Colt Gray, who was 14 at the time of the shooting, has pleaded not guilty to a total of 55 counts, including murder. A status hearing in his case has been set for mid-March.

Published: March 3, 2026 3:15pm

The father of the suspect in a 2024 Georgia high school shooting was found guilty on Tuesday of second-degree murder after giving his son a gun for Christmas.

Colin Gray was convicted of second-degree murder and involuntary manslaughter, after the jury deliberated for less than two hours, The Associated Press reported. The charges are related to the September 2024 shooting at Apalachee High School in Winder, Georgia, northeast of Atlanta.

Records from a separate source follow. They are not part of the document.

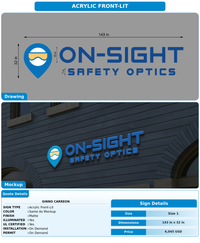 CUSTOM MOCKUP SIGN FOR Ginno Carreon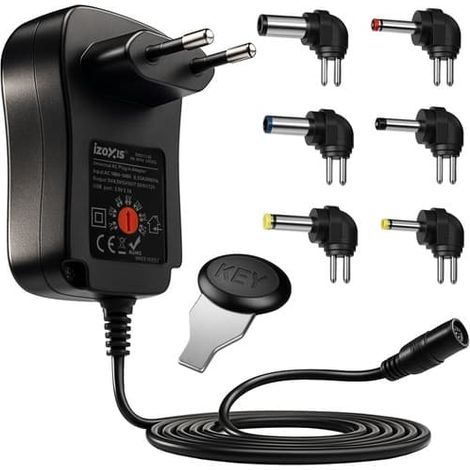 Adaptateur secteur universel 6 en 1 - 3-12 V 30 W (1/5)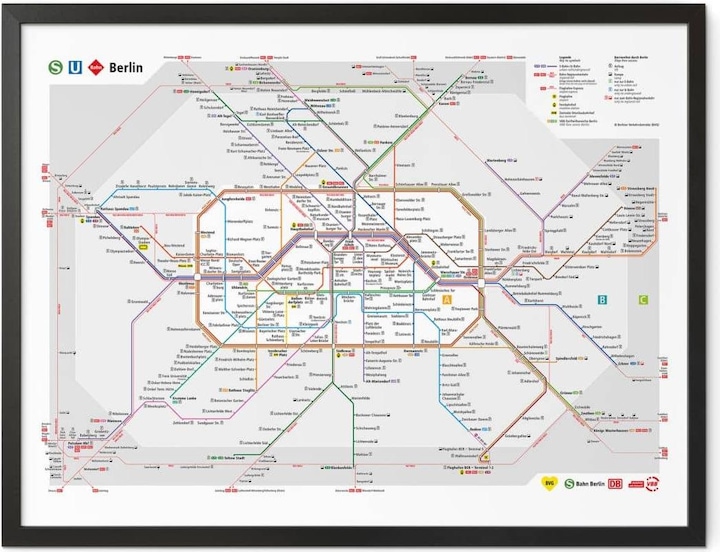 Immagine prodotto BVG Berlino - Rete Berlino (50 x 40 cm)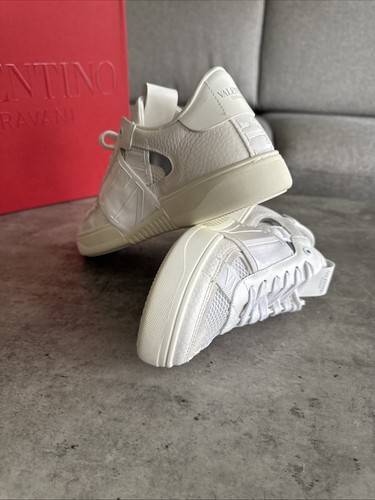VALENTINO GARAVANI VL7N BIANCO/PELLE PETTINATA/TESSUTO DONNA TAGLIA 4 37 - Foto 16 di 24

He was found guilty of second-degree murder in the deaths of two 14-year-old students, Mason Schermerhorn and Christian Angulo. 

According to Georgia law, second-degree murder is causing the death of a child by committing the crime of cruelty to children. Gray was found guilty of involuntary manslaughter in the deaths of teachers Richard Aspinwall, 39, and Cristina Irimie, 53.

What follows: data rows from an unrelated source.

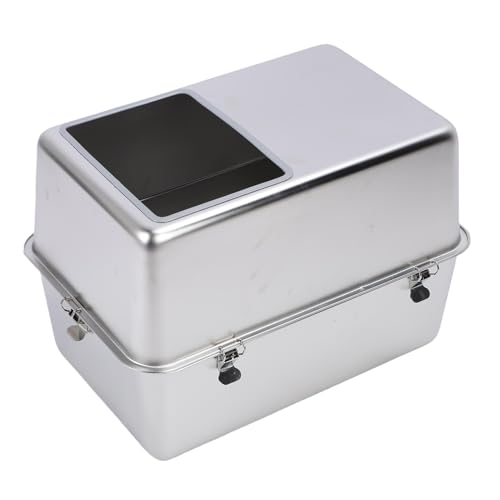 Caja de arena para gatos acero inoxidable grande miniatura 2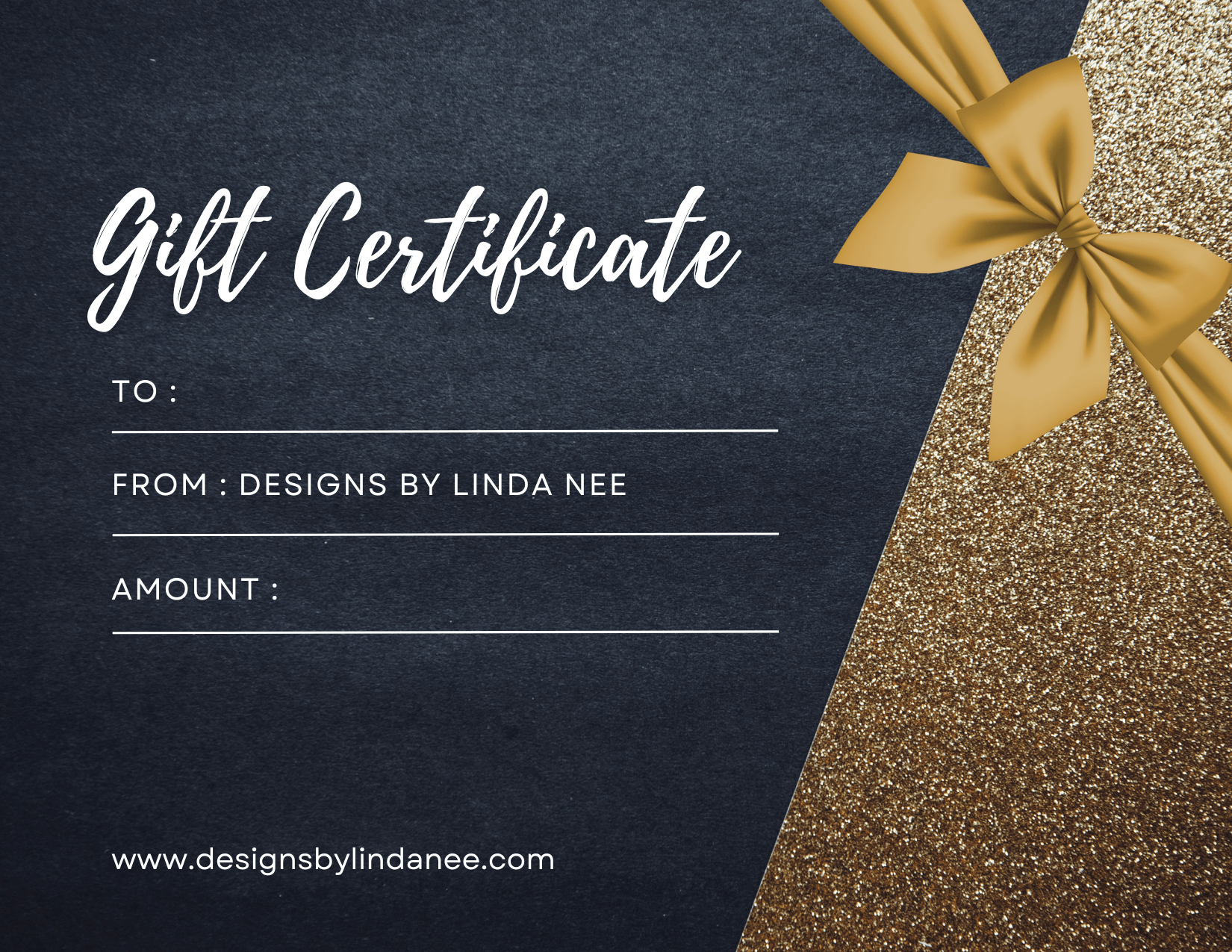 Gift Certificate - Designs by Linda Nee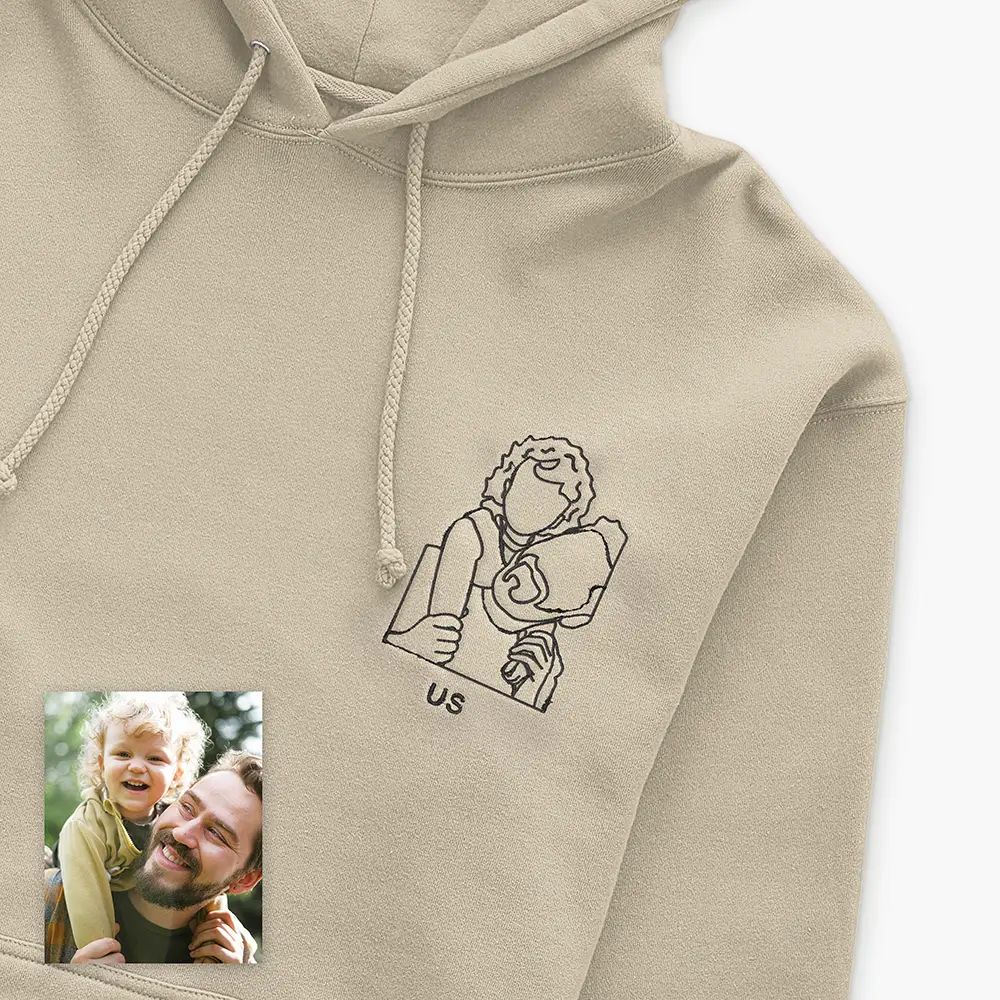 Daddy & Me - Custom Line Art Hoodie | Lime & Lou (US)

He was also convicted of multiple counts of reckless conduct and cruelty to children. Another teacher and eight other students were also wounded in the shooting.

Second-degree murder includes a prison sentence of at least 10 years but no more than 30, while involuntary manslaughter carries a penalty of one to 10 years in prison.

“We talk a lot about rights in our country,” Barrow County District Attorney Brad Smith said after the verdict. “But God gave us a duty to protect our children, and I hope that we remember that, as parents, as community members, to protect our children because that is our God-given duty.”

Marcee Gray, the mother of the suspected shooter, wasn’t charged. She testified that she had urged her estranged husband to take any guns and lock them inside his truck so that their son, Colt, could not access them. She and Gray were separated in the months leading up to the shooting, and their son mostly lived with his father during that time. Marcee Gray declined to comment when reached by the AP after the verdict.

Prosecutors argued that Gray gave his son the gun as a Christmas gift and allowed him to access it and ammunition despite the boy’s declining mental health. They said that Gray had “sufficient warning that Colt Gray would harm and endanger” other people.

Colt Gray, who was 14 at the time of the shooting, has pleaded not guilty to a total of 55 counts, including murder. A status hearing in his case has been set for mid-March.